Part 4 will fit permissible models to the per-cutoff $\hat\gamma_I$ exactly as it fits permissible models to the continuous $\hat\gamma$ . §8.2 will run ordinary kriging on each indicator separately to get the conditional CDF $\hat F(z \mid \mathbf{s}^*)$ ; §8.3 will turn that into Sequential Indicator Simulation; §9 will pivot to MULTIPOINT statistics, which uses the multi-cutoff suite as a stepping stone toward modelling categorical topology that two-point indicator variograms cannot capture. Every method that uses the words "indicator" or "facies" in this textbook downstream rests on the foundation built in §3.5.

References

Journel, A.G. (1983).
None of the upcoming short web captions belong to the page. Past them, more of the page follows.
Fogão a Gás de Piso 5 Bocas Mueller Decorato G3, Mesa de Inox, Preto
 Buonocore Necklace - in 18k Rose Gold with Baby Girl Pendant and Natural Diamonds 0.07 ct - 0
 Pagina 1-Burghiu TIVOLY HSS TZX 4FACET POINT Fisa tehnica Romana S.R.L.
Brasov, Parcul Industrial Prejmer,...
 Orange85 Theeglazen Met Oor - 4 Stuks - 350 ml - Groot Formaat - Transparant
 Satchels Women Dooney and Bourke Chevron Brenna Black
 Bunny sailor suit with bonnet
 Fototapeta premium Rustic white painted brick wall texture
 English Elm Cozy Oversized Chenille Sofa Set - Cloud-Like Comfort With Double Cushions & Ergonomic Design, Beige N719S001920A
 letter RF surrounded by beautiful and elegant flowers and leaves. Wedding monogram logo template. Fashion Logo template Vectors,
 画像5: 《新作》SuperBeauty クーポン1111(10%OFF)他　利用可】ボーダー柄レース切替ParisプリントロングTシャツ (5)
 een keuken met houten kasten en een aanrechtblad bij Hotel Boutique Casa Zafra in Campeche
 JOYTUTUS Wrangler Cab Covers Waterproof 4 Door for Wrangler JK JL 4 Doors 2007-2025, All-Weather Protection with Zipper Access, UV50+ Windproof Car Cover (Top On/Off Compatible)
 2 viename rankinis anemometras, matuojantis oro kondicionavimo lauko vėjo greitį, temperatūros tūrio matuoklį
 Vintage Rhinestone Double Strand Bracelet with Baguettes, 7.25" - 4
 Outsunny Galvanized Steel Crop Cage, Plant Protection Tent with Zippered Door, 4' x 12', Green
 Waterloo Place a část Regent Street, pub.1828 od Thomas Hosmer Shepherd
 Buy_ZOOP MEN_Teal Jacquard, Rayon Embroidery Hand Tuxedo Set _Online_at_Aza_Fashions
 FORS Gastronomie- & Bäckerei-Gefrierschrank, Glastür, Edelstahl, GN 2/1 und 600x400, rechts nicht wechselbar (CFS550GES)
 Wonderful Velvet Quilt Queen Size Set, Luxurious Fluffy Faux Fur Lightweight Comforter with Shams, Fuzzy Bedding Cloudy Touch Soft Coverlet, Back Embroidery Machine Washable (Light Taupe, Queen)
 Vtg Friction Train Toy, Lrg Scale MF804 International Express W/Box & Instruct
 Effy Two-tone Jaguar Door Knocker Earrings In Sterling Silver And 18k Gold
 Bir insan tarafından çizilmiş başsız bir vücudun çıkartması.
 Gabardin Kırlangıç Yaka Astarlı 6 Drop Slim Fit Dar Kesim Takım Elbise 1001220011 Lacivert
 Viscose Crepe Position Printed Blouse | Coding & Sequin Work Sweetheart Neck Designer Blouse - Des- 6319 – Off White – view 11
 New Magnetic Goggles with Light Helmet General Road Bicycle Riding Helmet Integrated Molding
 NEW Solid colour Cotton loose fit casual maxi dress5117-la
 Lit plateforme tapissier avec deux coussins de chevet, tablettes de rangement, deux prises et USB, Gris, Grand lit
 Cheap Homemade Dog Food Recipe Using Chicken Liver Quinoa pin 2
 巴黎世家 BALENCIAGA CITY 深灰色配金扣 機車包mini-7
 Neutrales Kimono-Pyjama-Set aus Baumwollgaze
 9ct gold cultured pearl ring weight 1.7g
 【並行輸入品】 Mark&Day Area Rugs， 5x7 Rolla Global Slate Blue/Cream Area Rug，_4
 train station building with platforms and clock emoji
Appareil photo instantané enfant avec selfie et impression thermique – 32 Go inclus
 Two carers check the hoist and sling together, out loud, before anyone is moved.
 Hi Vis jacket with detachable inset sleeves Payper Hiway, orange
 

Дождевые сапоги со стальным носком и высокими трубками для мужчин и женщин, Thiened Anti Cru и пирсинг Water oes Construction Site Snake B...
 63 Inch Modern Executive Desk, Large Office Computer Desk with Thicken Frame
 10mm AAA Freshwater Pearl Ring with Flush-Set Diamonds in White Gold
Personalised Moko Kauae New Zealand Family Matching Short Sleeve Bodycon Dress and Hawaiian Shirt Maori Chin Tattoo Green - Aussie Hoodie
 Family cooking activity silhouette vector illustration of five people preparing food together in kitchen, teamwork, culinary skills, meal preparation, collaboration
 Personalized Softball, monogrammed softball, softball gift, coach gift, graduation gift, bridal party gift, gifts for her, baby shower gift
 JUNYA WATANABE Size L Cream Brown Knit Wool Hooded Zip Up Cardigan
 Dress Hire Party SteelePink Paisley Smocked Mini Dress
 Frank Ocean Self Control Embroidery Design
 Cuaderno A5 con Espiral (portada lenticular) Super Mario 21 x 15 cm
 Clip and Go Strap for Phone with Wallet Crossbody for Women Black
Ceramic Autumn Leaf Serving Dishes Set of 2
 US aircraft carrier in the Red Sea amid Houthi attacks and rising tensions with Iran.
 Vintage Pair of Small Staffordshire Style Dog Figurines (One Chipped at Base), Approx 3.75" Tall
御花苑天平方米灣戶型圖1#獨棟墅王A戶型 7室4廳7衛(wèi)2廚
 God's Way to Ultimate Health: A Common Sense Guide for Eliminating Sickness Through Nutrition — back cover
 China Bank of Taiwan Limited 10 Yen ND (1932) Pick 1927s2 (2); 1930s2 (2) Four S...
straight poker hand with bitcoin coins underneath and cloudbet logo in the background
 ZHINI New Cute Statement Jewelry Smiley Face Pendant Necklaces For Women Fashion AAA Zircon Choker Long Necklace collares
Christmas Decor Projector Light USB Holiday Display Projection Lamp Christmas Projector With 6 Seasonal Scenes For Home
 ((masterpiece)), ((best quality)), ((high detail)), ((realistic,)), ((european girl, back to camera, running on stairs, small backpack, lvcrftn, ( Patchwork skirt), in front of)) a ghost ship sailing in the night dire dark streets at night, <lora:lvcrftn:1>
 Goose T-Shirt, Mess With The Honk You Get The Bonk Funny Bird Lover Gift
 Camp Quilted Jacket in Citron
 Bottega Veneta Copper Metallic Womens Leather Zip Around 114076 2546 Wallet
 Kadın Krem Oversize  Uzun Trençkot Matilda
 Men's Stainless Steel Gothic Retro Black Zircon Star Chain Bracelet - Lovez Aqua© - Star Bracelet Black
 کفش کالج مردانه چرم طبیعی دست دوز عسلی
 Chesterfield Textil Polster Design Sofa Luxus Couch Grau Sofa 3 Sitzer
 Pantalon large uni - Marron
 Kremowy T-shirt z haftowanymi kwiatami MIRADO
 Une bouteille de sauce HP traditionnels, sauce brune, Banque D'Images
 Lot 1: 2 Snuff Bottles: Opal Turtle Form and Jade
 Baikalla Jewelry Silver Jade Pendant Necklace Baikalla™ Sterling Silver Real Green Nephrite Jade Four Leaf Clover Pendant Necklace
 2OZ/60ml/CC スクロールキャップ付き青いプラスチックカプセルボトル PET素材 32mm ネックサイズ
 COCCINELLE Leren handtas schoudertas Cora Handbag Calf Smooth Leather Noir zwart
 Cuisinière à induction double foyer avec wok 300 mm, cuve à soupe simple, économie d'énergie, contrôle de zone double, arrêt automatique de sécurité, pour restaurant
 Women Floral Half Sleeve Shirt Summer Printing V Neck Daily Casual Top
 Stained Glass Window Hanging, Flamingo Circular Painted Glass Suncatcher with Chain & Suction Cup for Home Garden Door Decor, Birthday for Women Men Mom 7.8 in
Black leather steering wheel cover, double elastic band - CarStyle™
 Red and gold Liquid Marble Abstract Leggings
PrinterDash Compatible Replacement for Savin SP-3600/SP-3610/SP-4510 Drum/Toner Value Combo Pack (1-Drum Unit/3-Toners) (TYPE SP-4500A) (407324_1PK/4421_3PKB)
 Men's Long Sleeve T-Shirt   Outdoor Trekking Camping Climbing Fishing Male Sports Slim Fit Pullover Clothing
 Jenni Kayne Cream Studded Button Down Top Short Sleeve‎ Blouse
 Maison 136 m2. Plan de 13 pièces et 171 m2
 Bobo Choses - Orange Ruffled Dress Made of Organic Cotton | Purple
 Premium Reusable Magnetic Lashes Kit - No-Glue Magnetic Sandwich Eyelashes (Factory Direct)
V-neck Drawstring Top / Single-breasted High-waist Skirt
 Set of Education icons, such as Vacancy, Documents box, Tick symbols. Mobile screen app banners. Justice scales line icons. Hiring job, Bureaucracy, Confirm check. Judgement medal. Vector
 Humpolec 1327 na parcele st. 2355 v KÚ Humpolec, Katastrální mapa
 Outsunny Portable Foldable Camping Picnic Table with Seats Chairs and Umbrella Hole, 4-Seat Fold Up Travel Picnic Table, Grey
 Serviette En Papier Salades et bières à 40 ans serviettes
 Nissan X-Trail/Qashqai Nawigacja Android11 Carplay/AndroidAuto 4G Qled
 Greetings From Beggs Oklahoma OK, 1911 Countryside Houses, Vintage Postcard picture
Nonparametric estimation of spatial distributions. Mathematical Geology, 15(3), 445–468. (The foundational paper on indicator-based geostatistics. Introduces the indicator transform as the basis for distribution-free spatial estimation, derives the Bernoulli-sill expression for $\gamma_I$ , and sets out the per-cutoff kriging framework that this section previews and §8.2 develops fully.)
Journel, A.G., Isaaks, E.H. (1984). Conditional indicator simulation: Application to a Saskatchewan uranium deposit. Mathematical Geology, 16(7), 685–718. (The first published application of Sequential Indicator Simulation to a real ore-grade dataset. Demonstrates the multi-cutoff workflow and the order-relations corrections on a high-stakes industrial dataset; one of the formative case studies for the SISIM algorithm subsequently codified in GSLIB.)
Matheron, G. (1965). Les Variables Régionalisées et Leur Estimation. Masson, Paris. (The classical Matheron 1965 estimator $\hat\gamma(h)$ that the indicator variogram inherits unchanged. The half-squared-increment formula at the heart of every two-point variogram estimator in this textbook.)
Goovaerts, P. (1997). Geostatistics for Natural Resources Evaluation. Oxford University Press. (§7.3 "Indicator-based methods" is the most thorough practitioner-level treatment of the multi-cutoff workflow, percentile-grid choice, order-relations corrections, and the connection to conditional CDFs. The organisation of §3.5 closely follows Goovaerts §7.3.1-§7.3.3.)
Deutsch, C.V., Journel, A.G. (1998). GSLIB: Geostatistical Software Library and User's Guide (2nd ed.). Oxford University Press. (§IV.1 documents the sisim program and its order-relations correction algorithm — the upward-then-downward sweep that enforces monotonicity and the [0, 1] bounds on the corrected CDF. The industry-standard implementation of multi-cutoff indicator simulation since the early 1990s.)
Isaaks, E.H., Srivastava, R.M. (1989). An Introduction to Applied Geostatistics. Oxford University Press. (Chapter 13 introduces the indicator transform and the median-cutoff variogram as a robust alternative to the continuous estimator. The most readable practitioner-level introduction to the ideas in §3.5.)
Chilès, J.-P., Delfiner, P. (2012). Geostatistics: Modeling Spatial Uncertainty (2nd ed.). Wiley. (§5.5 develops the mathematical-statistics foundation of indicator covariances and their relation to bivariate distributions of $(Z(\mathbf{s}), Z(\mathbf{s}+\mathbf{h}))$ . The formal reference for the joint-distribution reconstruction that §3.5 sketches.)
Cressie, N. (1993). Statistics for Spatial Data (revised ed.). Wiley. (§2.4.1 discusses the indicator approach in the broader context of non-Gaussian spatial-statistical methods. The bridge between the indicator framework of this section and the broader mathematical-statistics treatment of spatial random functions.)
Pyrcz, M.J., Deutsch, C.V. (2014). Geostatistical Reservoir Modeling (2nd ed.). Oxford University Press. (§3.4 develops indicator methods for facies modelling in reservoir-engineering settings. The connection between the indicator variogram of §3.5 and the facies-classified reservoir models that §8.2 builds for production-forecasting workflows.)